[[ Raw data, beginning ]]

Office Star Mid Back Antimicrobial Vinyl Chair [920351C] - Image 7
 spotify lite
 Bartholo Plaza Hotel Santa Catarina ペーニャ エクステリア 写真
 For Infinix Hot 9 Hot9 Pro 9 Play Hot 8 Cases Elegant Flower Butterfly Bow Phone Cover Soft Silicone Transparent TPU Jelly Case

[[ Raw data, end ]]

• Exercise aim
Copy out the whole listing exactly as given.

• Result below
Office Star Mid Back Antimicrobial Vinyl Chair [920351C] - Image 7
 spotify lite
 Bartholo Plaza Hotel Santa Catarina ペーニャ エクステリア 写真
 For Infinix Hot 9 Hot9 Pro 9 Play Hot 8 Cases Elegant Flower Butterfly Bow Phone Cover Soft Silicone Transparent TPU Jelly Case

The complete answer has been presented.